--- Data to use Enclosed Below ---

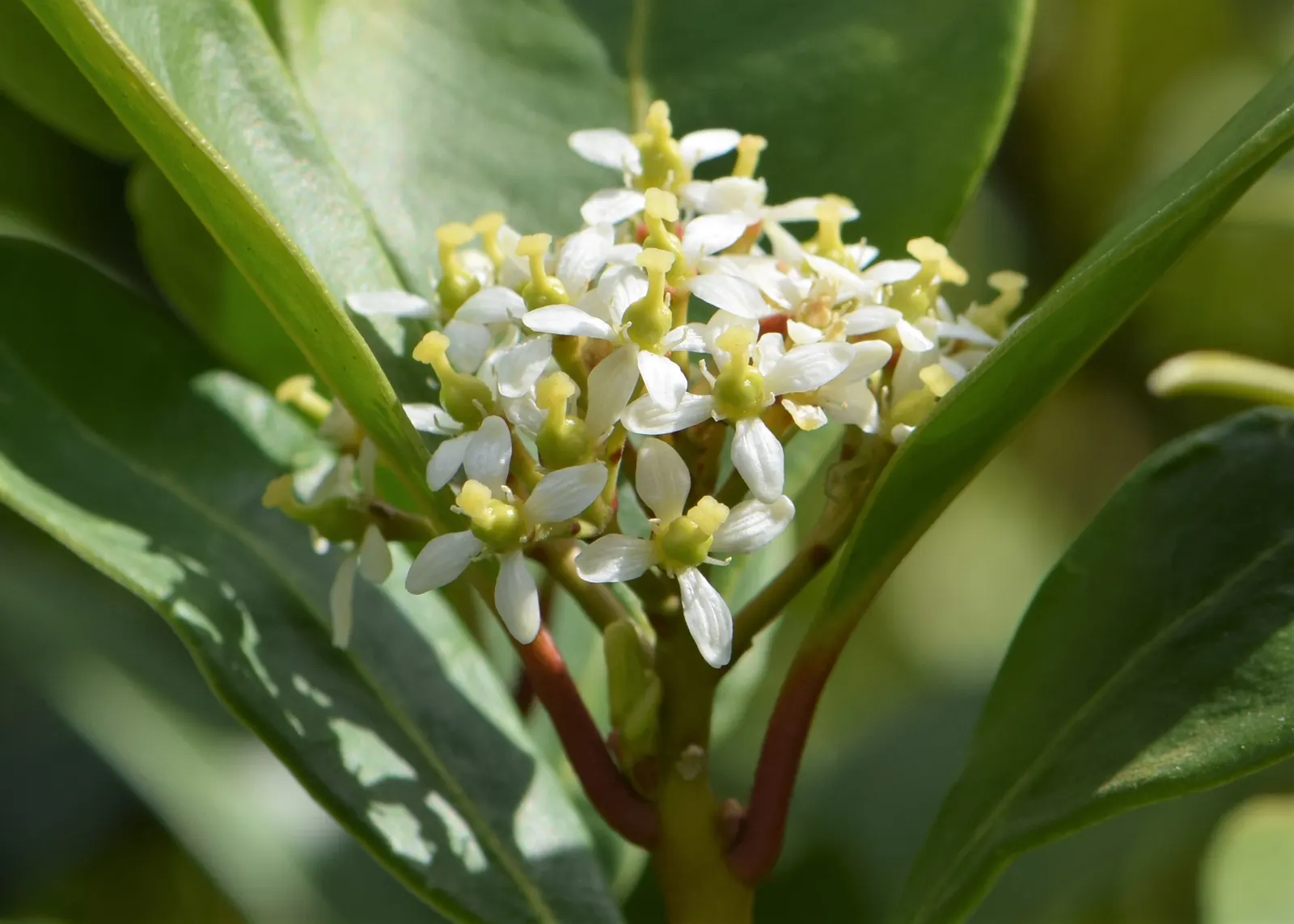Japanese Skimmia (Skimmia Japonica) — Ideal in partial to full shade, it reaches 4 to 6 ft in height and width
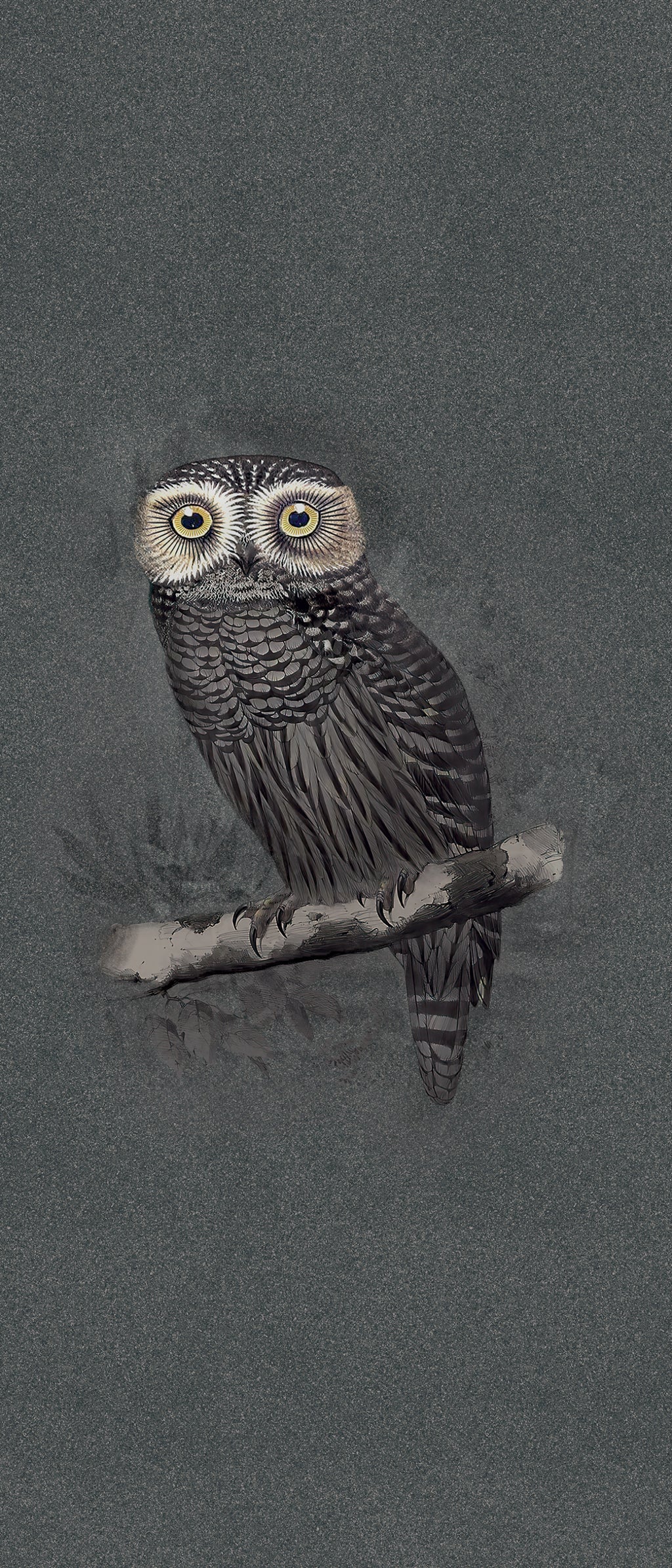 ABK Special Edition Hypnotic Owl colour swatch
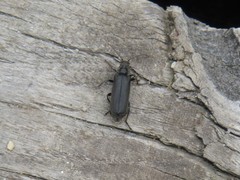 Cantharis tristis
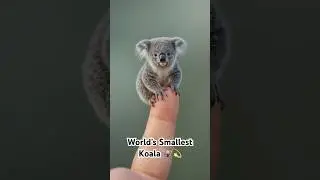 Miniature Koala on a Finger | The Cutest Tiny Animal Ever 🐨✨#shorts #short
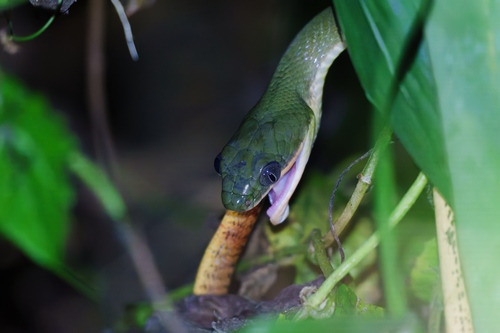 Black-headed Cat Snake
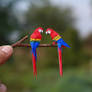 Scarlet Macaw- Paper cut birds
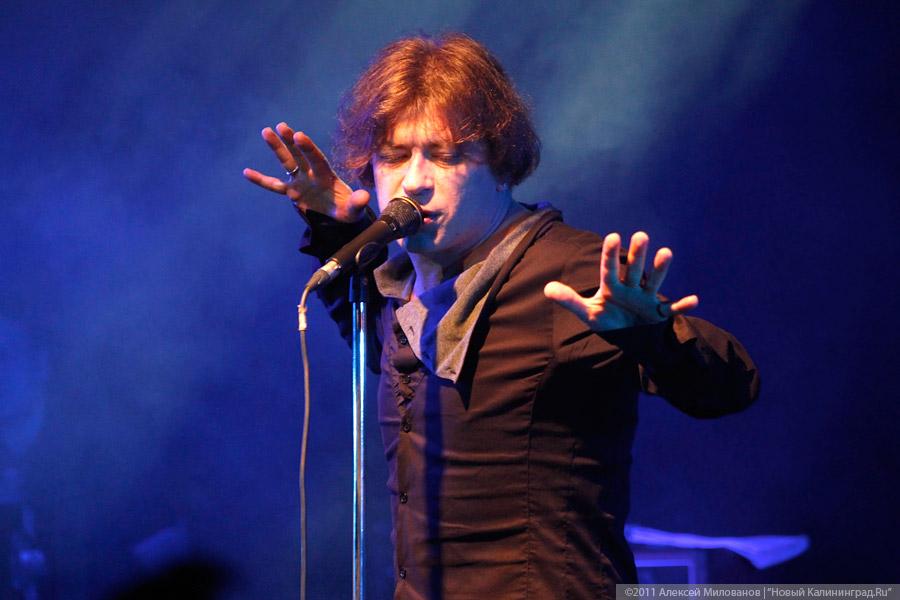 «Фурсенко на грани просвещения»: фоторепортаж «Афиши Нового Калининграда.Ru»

--- End of Enclosed Data to use ---

- Problem requirements -
Word for word, write out each line of the records, but leave the pictures behind.

- Answer to the problem -
Japanese Skimmia (Skimmia Japonica) — Ideal in partial to full shade, it reaches 4 to 6 ft in height and width
 ABK Special Edition Hypnotic Owl colour swatch
 Cantharis tristis
 Miniature Koala on a Finger | The Cutest Tiny Animal Ever 🐨✨#shorts #short
 Black-headed Cat Snake
 Scarlet Macaw- Paper cut birds
 «Фурсенко на грани просвещения»: фоторепортаж «Афиши Нового Калининграда.Ru»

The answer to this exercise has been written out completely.